国際関係論におけるリアリストとリベラリスト

岩本武和

(西南学院大学経済学部 教授)

2023.09.18

 国際関係論には,リアリズム(現実主義)とリベラリズム(理想主義)という二大潮流がある。

 リアリズムは,国際政治学においては長く主流の位置を占めてきた立場であり,ホッブスが『リヴァイアサン』において,自然状態を「万人の万人に対する闘争」としたように,国際社会はアナーキーであり,国際政治を国家間の権力闘争とみなす立場である。リアリズムの分析単位は,あくまで「国民国家」であり,重視されるのは,「国益」と「勢力均衡」である。とりわけ大国の覇権(ヘゲモニー)が分析対象に置かれ,「国際社会の安定のためには覇権国が存在しなければならず,かつ覇権国は一国でなければならない」という「覇権安定論」(キンドルバーガーの罠)は,その代表的な理論である。この系譜は,古代ギリシャのトゥキディデスを始祖とし,マキャベリやホッブスを経て,ハンス・モーゲンソウやロバート・ギルピンのネオリアリズムに至る。日本では,猪木正道や高坂正尭などがこの系譜に属する。
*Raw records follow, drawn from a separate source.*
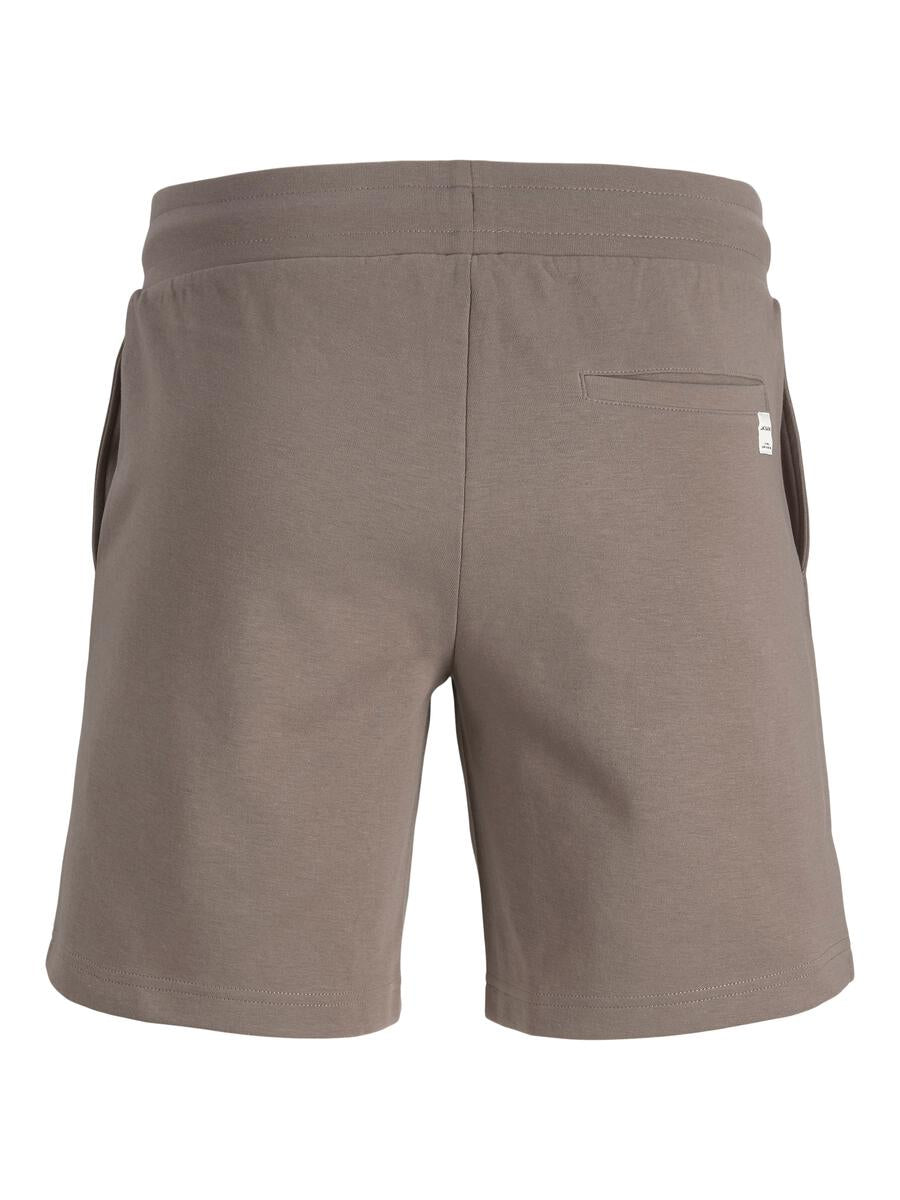 Jack &amp; Jones JPSTNEWBASIC SWEAT SHORTS NAFA NOOS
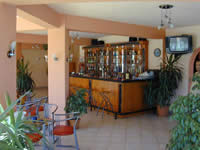 Hotel Kouros 2*  PARALIA, GRECIA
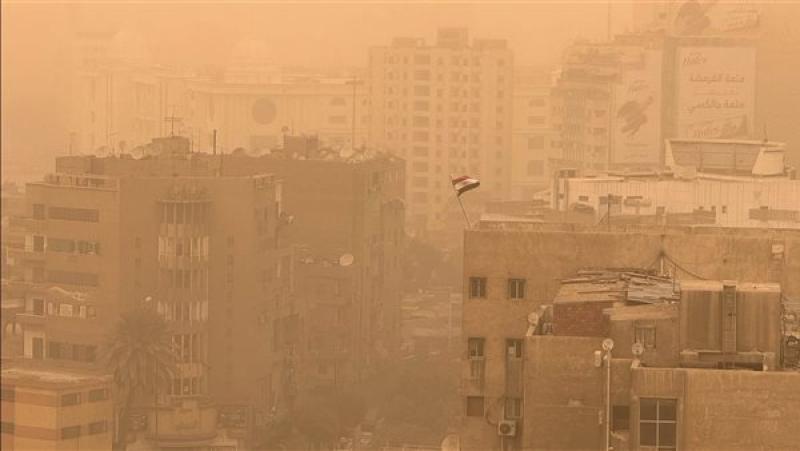 تقلبات جوية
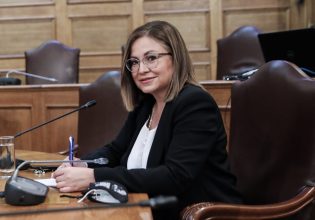 Μαρία Σπυράκη: Αποδέχομαι την άρση ασυλίας – «Δεν έχω ούτε ένα ευρώ διαφορά με το Ευρωκοινοβούλιο»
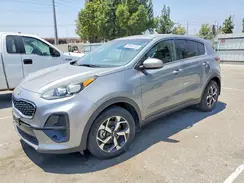KNDPM3ACXN7005704 2022 KIA SPORTAGE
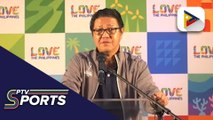 Alas Pilipinas at PNVF, nilibot ang National Musem of Natural History ilang araw bago ang 2025 FIVB MWCH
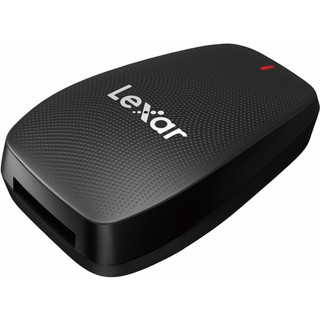 Đầu đọc thẻ nhớ Lexar CFexpress Type B USB 3.2 Gen2x2 tốc độ truyền nhanh, chính hãng BH 5 năm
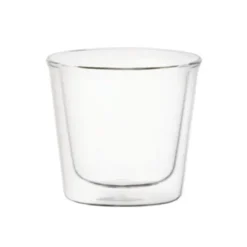 Trinkglas / Rocking Glas CAST, doppelwandig 250 ml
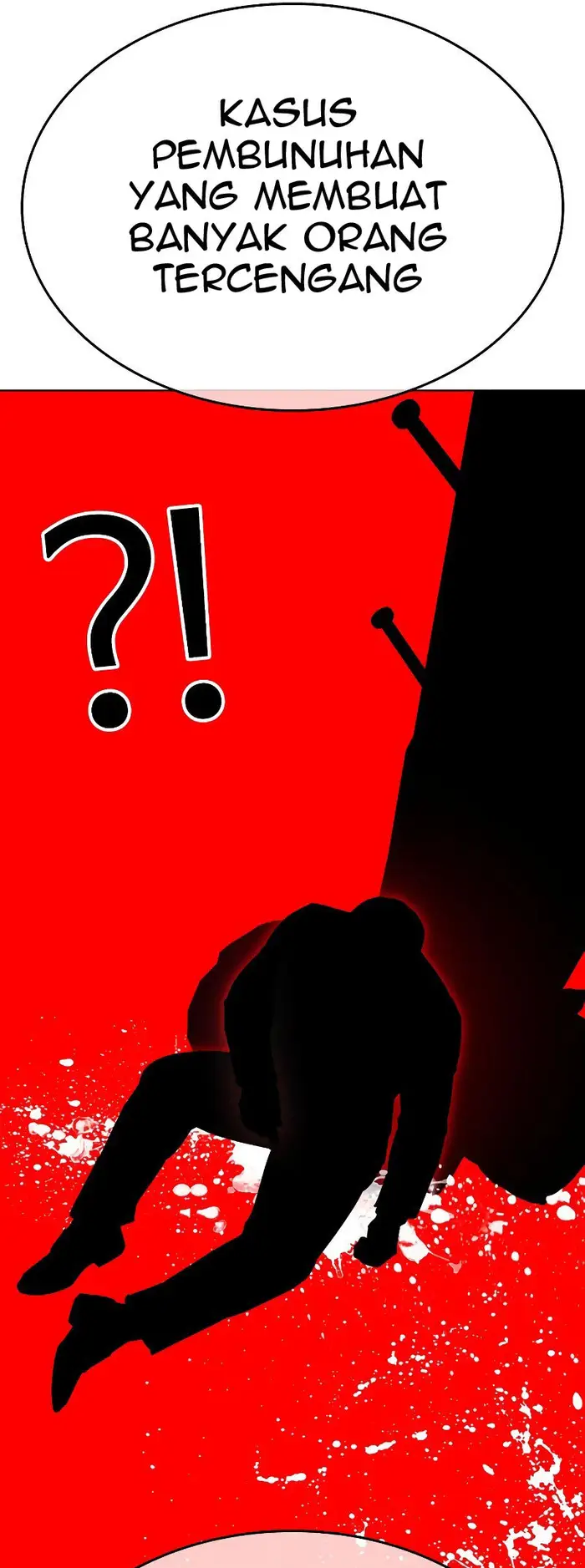 Lookism Chapter 432 Gambar 12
 パワーポリティクスが重視されるので,安全保障や抑止力としてのみならず,実際に軍事力が行使される戦争も,国際紛争解決の手段と見なされる。よく喧伝される「トゥキディデスの罠」という仮説は,今の覇権国と次の覇権国候補は,戦争に陥りやすいとの考え方で,アメリカの国際政治学者グレアム・アリソンが提唱したものである。彼によると,過去500年間に新旧の大国が覇権を競った16例中,12例が戦争に陥った(『米中戦争前夜―新旧大国を衝突させる歴史の法則と回避のシナリオ』ダイヤモンド社,2017年)。現在の米中対立を新旧覇権争いとみなすかどうかは,議論があるところだろうが,リアリストの立場からみれば,台湾有事を契機にトゥキディデスの罠(米中戦争)に陥る事態を回避したいということになるのであろう。トゥキディデスもマキャベリも,戦争の時代に生き,その人生は暴力的な紛争という犠牲を伴うものであった。ウェーバーの「責任倫理」こそ,リアリズム的思想にとって中心的なものであった。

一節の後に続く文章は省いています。